Info Wars

by lizard

I read a really fascinating article today, first published 15 years ago in the US Army War College Quarterly (their online archive can be searched here).

The title of the piece is “Constant Conflict” written by Ralph Peters. Here is how Peters sets the tone:

We have entered an age of constant conflict. Information is at once our core commodity and the most destabilizing factor of our time. Until now, history has been a quest to acquire information; today, the challenge lies in managing information. Those of us who can sort, digest, synthesize, and apply relevant knowledge soar–professionally, financially, politically, militarily, and socially. We, the winners, are a minority.

For the world masses, devastated by information they cannot manage or effectively interpret, life is “nasty, brutish . . . and short-circuited.” The general pace of change is overwhelming, and information is both the motor and signifier of change. Those humans, in every country and region, who cannot understand the new world, or who cannot profit from its uncertainties, or who cannot reconcile themselves to its dynamics, will become the violent enemies of their inadequate governments, of their more fortunate neighbors, and ultimately of the United States. We are entering a new American century, in which we will become still wealthier, culturally more lethal, and increasingly powerful. We will excite hatreds without precedent.

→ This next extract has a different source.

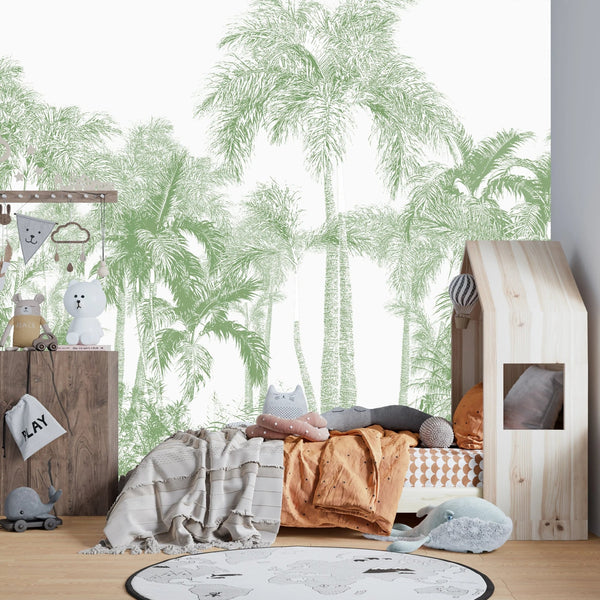 Tropical Green Trees Wallpaper, White Background Mural, Oversized Custom Size Wall Art, Non - Woven, Non - Adhesive, Modern Wall Paper, Removable - Adawall Wallpaper - Registered Trade Accounts Only, Wallpaper Wholesale Account - W78149 - Adawall Wholesale - Wallpaper Wholesaler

Remember, this is 1997. Obviously, in the 15 years since, none of this has come true. Information technology has democratized information, and we now live in a utopia of honest, vigorous engagement by a well-informed public…right?

Peters continues later in the piece with this cheery assessment:

As more and more human beings are overwhelmed by information, or dispossessed by the effects of information-based technologies, there will be more violence. Information victims will often see no other resort. As work becomes more cerebral, those who fail to find a place will respond by rejecting reason. We will see countries and continents divide between rich and poor in a reversal of 20th-century economic trends. Developing countries will not be able to depend on physical production industries, because there will always be another country willing to work cheaper. The have-nots will hate and strive to attack the haves. And we in the United States will continue to be perceived as the ultimate haves. States will struggle for advantage or revenge as their societies boil. Beyond traditional crime, terrorism will be the most common form of violence, but transnational criminality, civil strife, secessions, border conflicts, and conventional wars will continue to plague the world, albeit with the “lesser” conflicts statistically dominant. In defense of its interests, its citizens, its allies, or its clients, the United States will be required to intervene in some of these contests. We will win militarily whenever we have the guts for it.

There will be no peace. At any given moment for the rest of our lifetimes, there will be multiple conflicts in mutating forms around the globe. Violent conflict will dominate the headlines, but cultural and economic struggles will be steadier and ultimately more decisive. The de facto role of the US armed forces will be to keep the world safe for our economy and open to our cultural assault. To those ends, we will do a fair amount of killing.

And here’s another snip I found, well…just read it:

There is no “big threat” out there. There’s none on the horizon, either. Instead of preparing for the Battle of Midway, we need to focus on the constant conflicts of richly varying description that will challenge us–and kill us–at home and abroad. There are plenty of threats, but the beloved dinosaurs are dead.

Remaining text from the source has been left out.